ANGELO MELE: The collaboration started from a casual email exchange between me and two data scientists at Sansan, Juan Nelson Martínez Dahbura and Takanori Nishida. They sent me an email saying that they read some of my work and wanted to explore the possibility of a collaboration as part of their company’s research platform Sansan Data Discovery, using data collected from their business card management app Eight. Later on, Shota Komatsu from Sansan also joined the research team.
In this project we use anonymized data of the users of their services, the data from Eight. Such data contain the users’ activity on the platform, which is designed to facilitate the formation of business relationships. For a network researcher, such network data is great and can be used to explore models, test estimation methods, and develop computational innovations.
Furthermore, the data have important applications in labor markets, as we have seen a lot of work-related relationships shifting to online platforms recently. The researchers at Sansan were responsible for the data analysis, since the data are sensitive; I developed the theoretical model and together we developed the estimation method and the software library to obtain the results.
Could you describe how Eight works, and how the data it provided was important to this study?
The exchange of business cards is an important ritual in the Japanese culture, and it fosters important new relationships. The platform works by allowing users to scan business cards that they received, as well as create new relationships directly in the platform. The data collected by the company allows us to follow people over time and all their professional relationships, and we know when the ties were formed. It also allows us to see when a user changes jobs, receives a promotion, or changes a title. We have some demographic characteristics of the users as well.
The data allows us to estimate a model of “networking on the job” – that is, how a variety of factors influence organizational relationships. Our theoretical model postulates that there are observable characteristics (such as location) and unobservable characteristics (being social) that affect the ability and willingness of the users to form professional relationships.

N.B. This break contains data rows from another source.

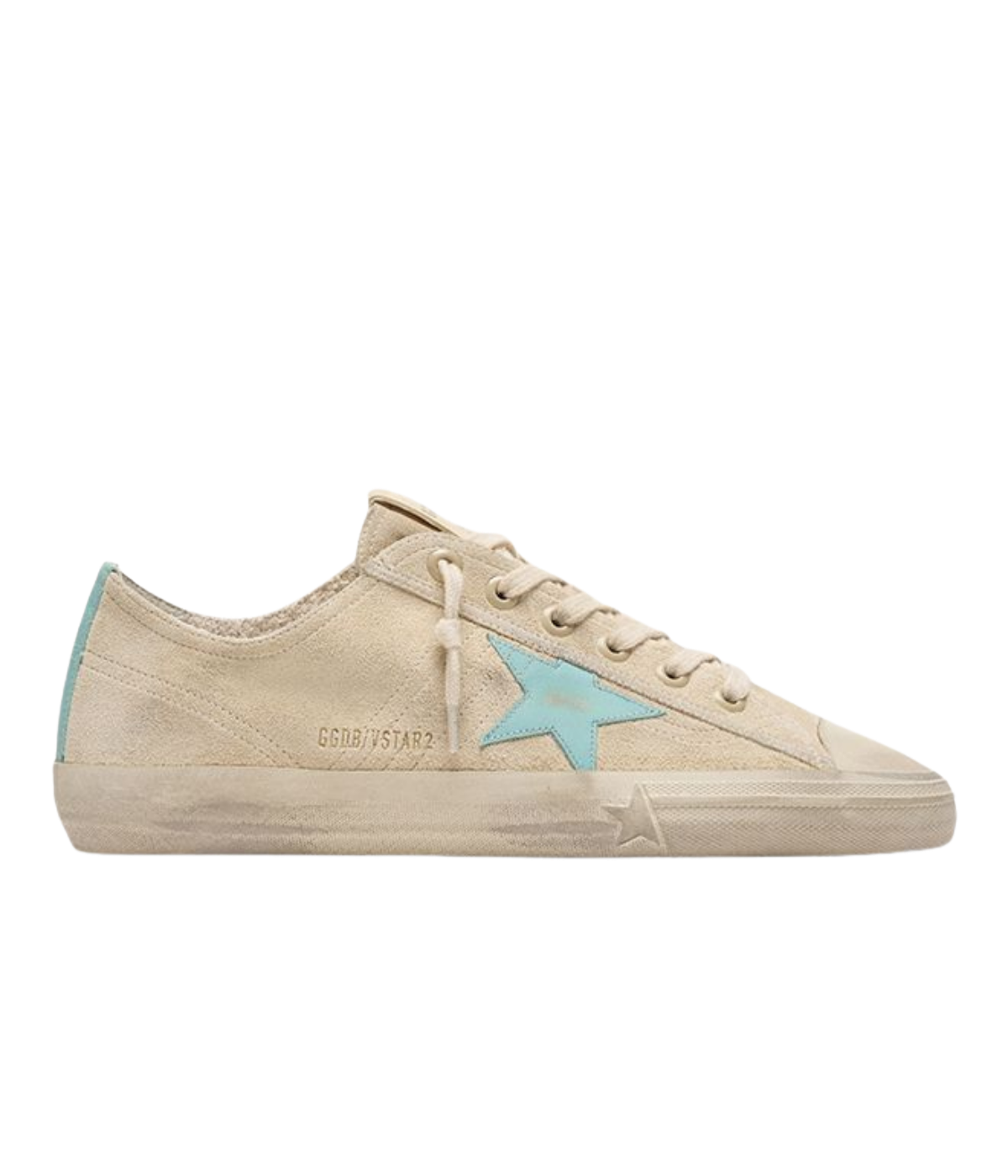 Golden Goose V Star Sneaker In Seed Pearl & Acquamarine - Side Shot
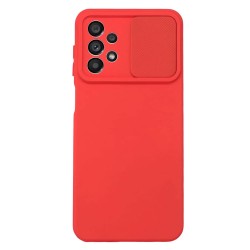 Funda De Gel De Silicona Samsung Galaxy A23 4G/5G Roja Con Protector De Cámara Y Ventana Deslizante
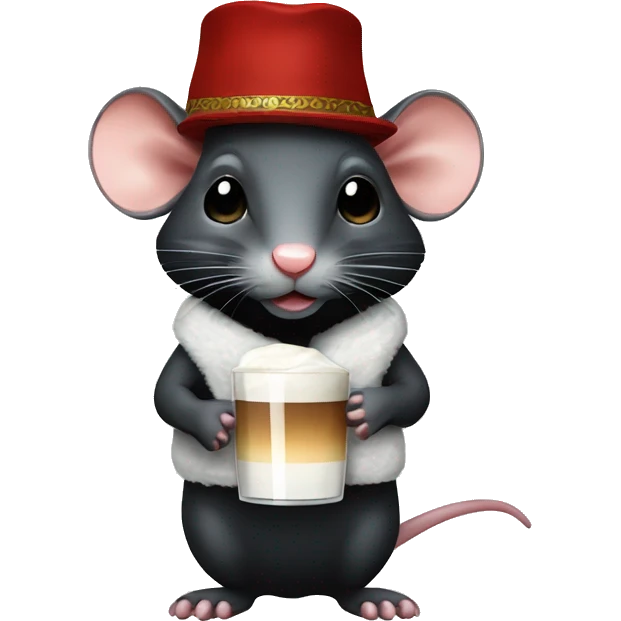 Black rat in a white Russian ushanka hat emoji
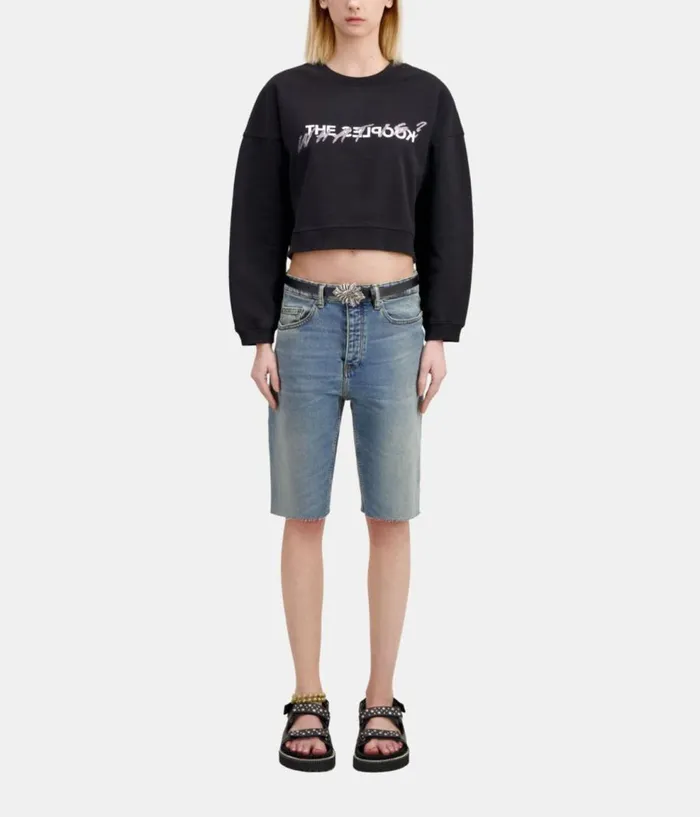 Women Sweatshirts THE KOOPLES Short Black What Is Sweatshirt With Rhinestones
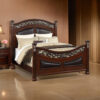 1502202669920769a83a5.jpeg Meo Queen Size Bed, Padded Carved Dark Brown Faux Leather Upholstered
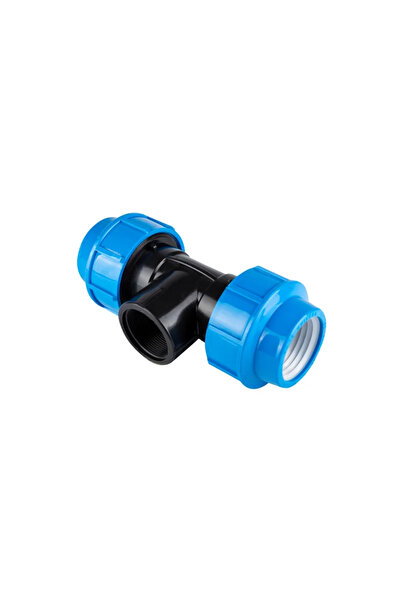 OEM Compression tee for HDPE pipe, internal thread, Ø 40 mm x 1', black/blue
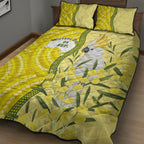 Australia Wattle Day Quilt Bed Set Sulphur-crested Cockatoo Aboriginal Pattern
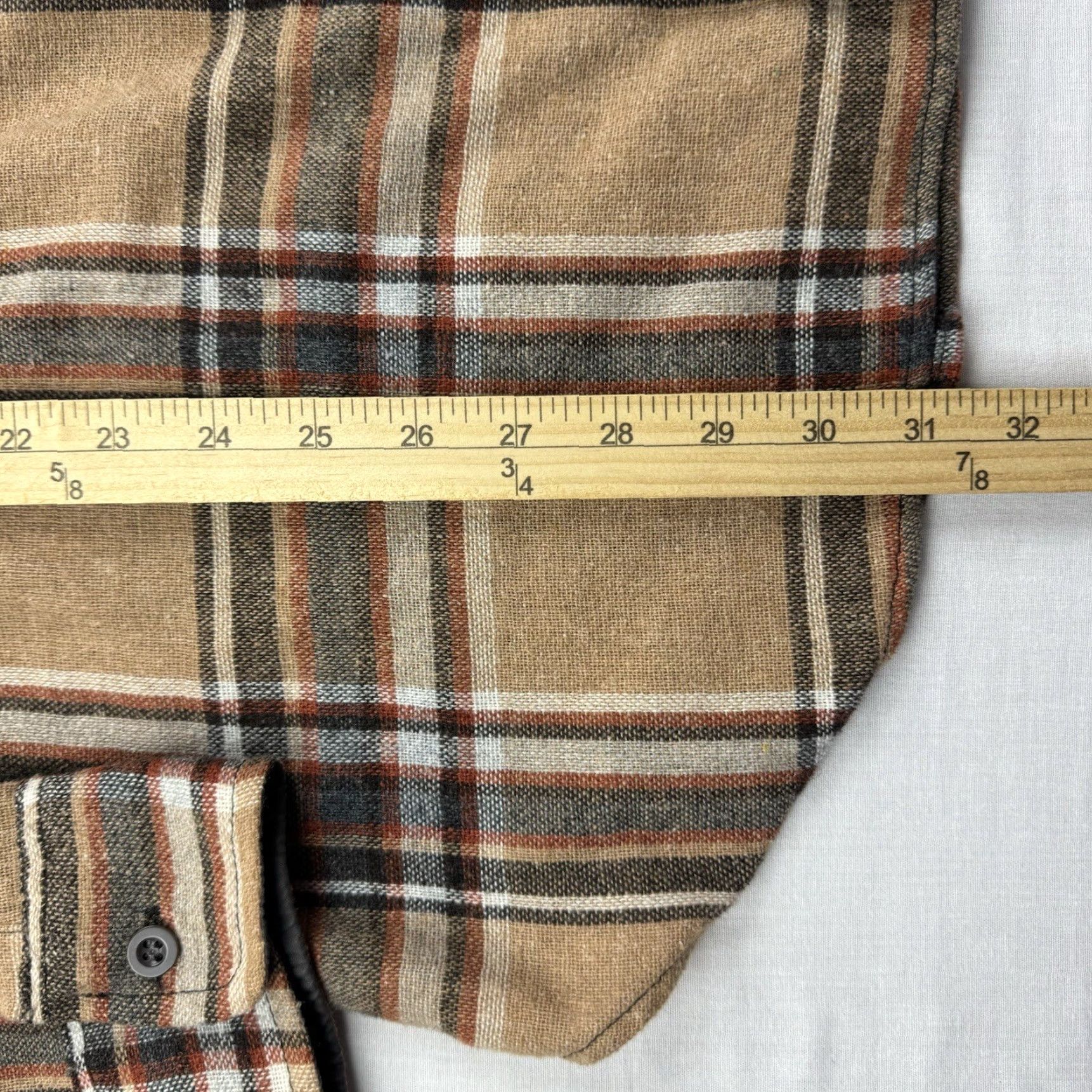 Vintage VINTAGE Ponderosa Flannel Shirt Mens Large Brown Plaid Linen Wool Blend 80s 90s Shirt Regular Button-Up Size US L / EU 52-54 / 3 - 6 Thumbnail
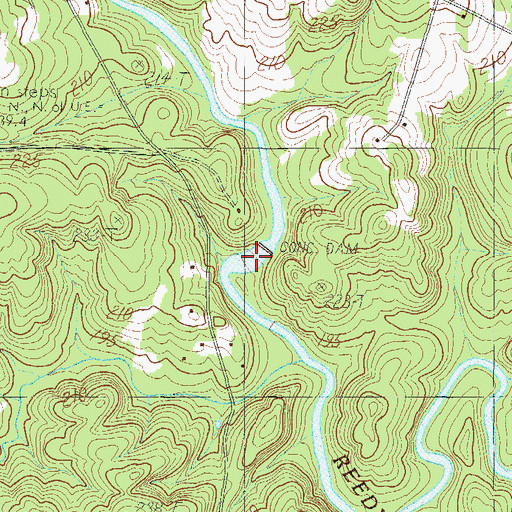 Topographic Map of Cedar Shoals, SC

We also assume that the users are strategic about the relationships they invest in, and tend to form relationships that are beneficial to them. Using the data from Eight, we can estimate the parameters of such a model; in particular, we can distinguish how observable and unobservable characteristics affect the propensity of two users to form a new tie.
Does the data from Eight significantly differ from what researchers might be able to mine from better-known networking platforms such as LinkedIn and Facebook?
One of the main features of Eight is that we know the users have met in person. This is because the vast majority of the data consists of scanned business cards that were exchanged in person. This is something that is much more difficult to assess in LinkedIn or Facebook, as many users in these platforms have never met in person. This gives a measure of social interactions that is less contaminated by virtual/online interactions.
Can you expand on some of your key findings? First, what does it mean that business networks consist of “several areas of denser connectivity, or communities”?
Many social networks tend to organize in clusters. That means that the shape of the network shows groups of users who have lots of connections among themselves, and fewer connections with other groups of users. We call these groups “communities.” The main empirical question is what determines the size and shape of these communities. Indeed, there are several possible explanations.
On one hand, the organization of networks in communities may just be due to what network scientists call “homophily” – the preference to interact with similar people. That is, what we observe is just the fact that people who are similar along demographics or preferences tend to interact more than people who are different. On the other hand, these communities may be the result of “transitivity” – the willingness of two users to interact increases if they have some common contact or they know the same set of people. Finally, an additional explanation is that there are unobservable variables and characteristics (unobserved by the researchers) that drive the homophily and community structure.
Our model and empirical analysis are able to distinguish among these three explanations, providing the contribution of each of them to the final shape of the network.